(TASK BRIEF): No pictures, please. Copy exactly the lines from the one with "Slam-Bang Comics #1 (1940) — page 53 of 69" through the final line below.

(SOURCE DATA):
┌──
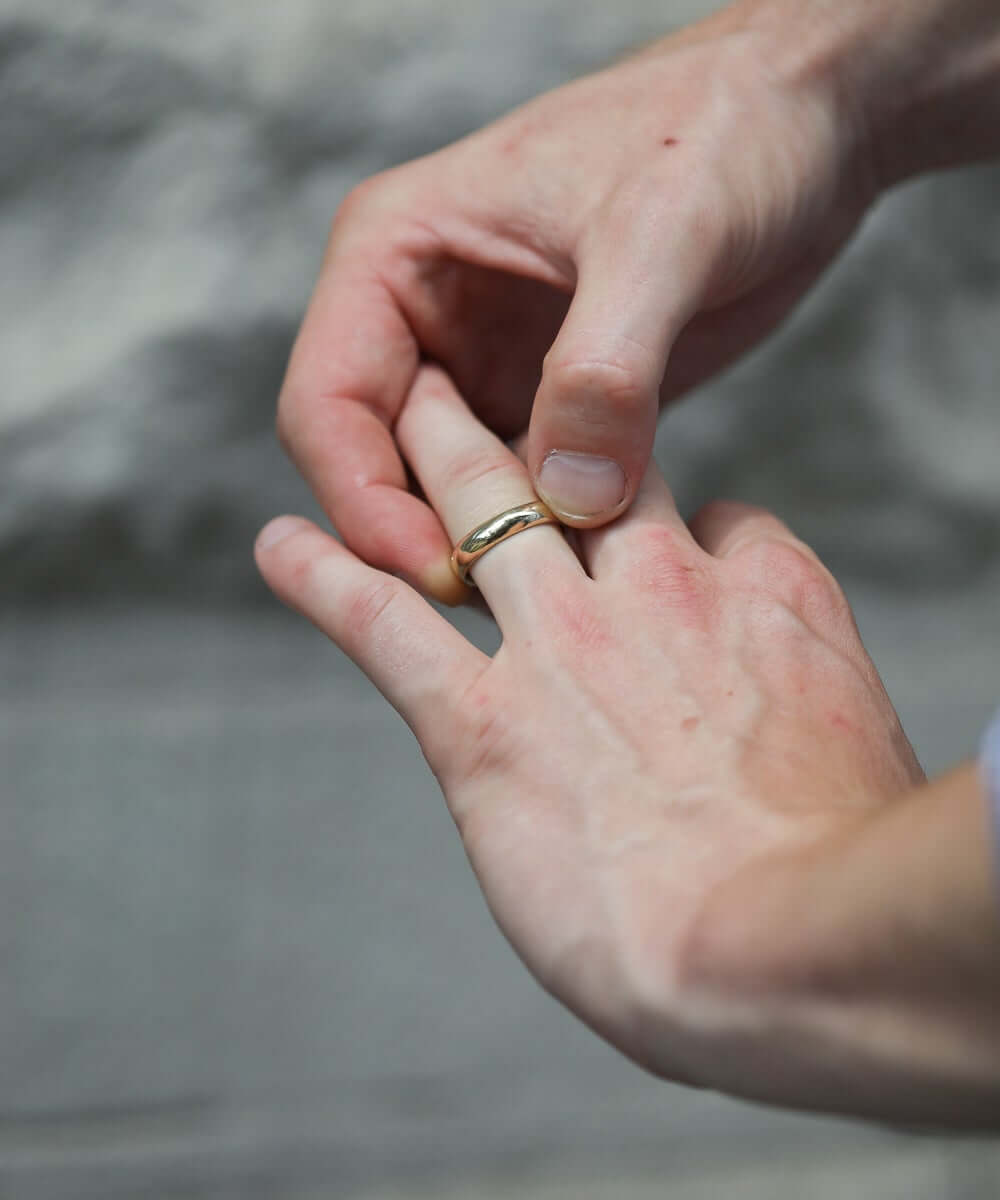 mens gold wedding bands rings jewelry custom macha studio brooklyn nyc new york williamsburg greenpoint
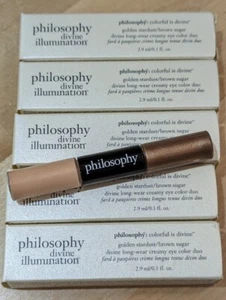Philosophy Divine Illumination Eye Color Duo Brown Sugar/Gold Stardust -Lot of 5 - Picture 1 of 3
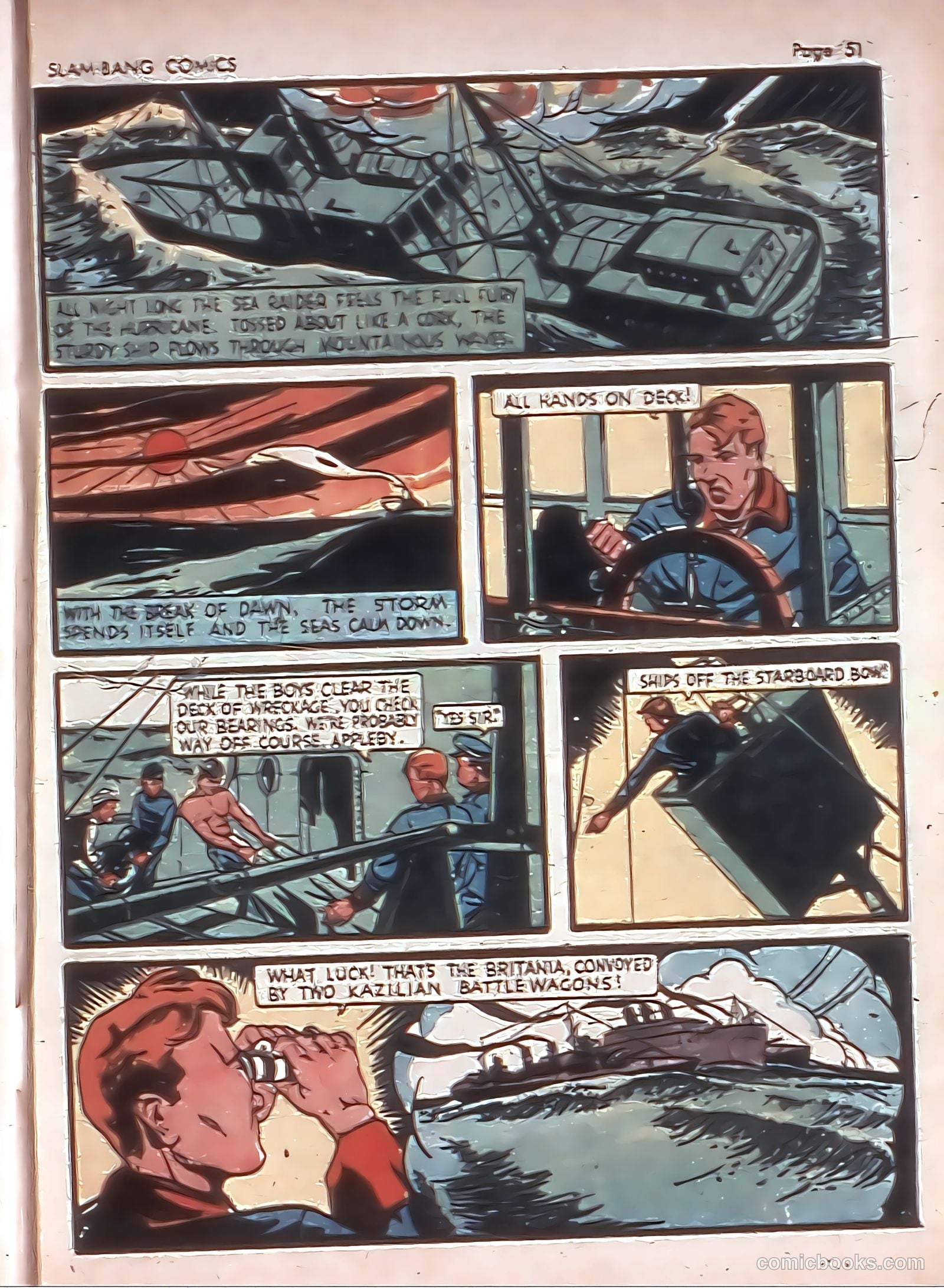 Slam-Bang Comics #1 (1940) — page 53 of 69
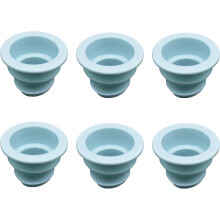 (As show, One size) 6 Pack Drain Pipe Seal Hose Silicone Plug,Silicone Sealing Plug Kitchen Pipe Sewer Seal Ring (Bl TGM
└──
(RESULT OF THE TASK):
 Slam-Bang Comics #1 (1940) — page 53 of 69
 (As show, One size) 6 Pack Drain Pipe Seal Hose Silicone Plug,Silicone Sealing Plug Kitchen Pipe Sewer Seal Ring (Bl TGM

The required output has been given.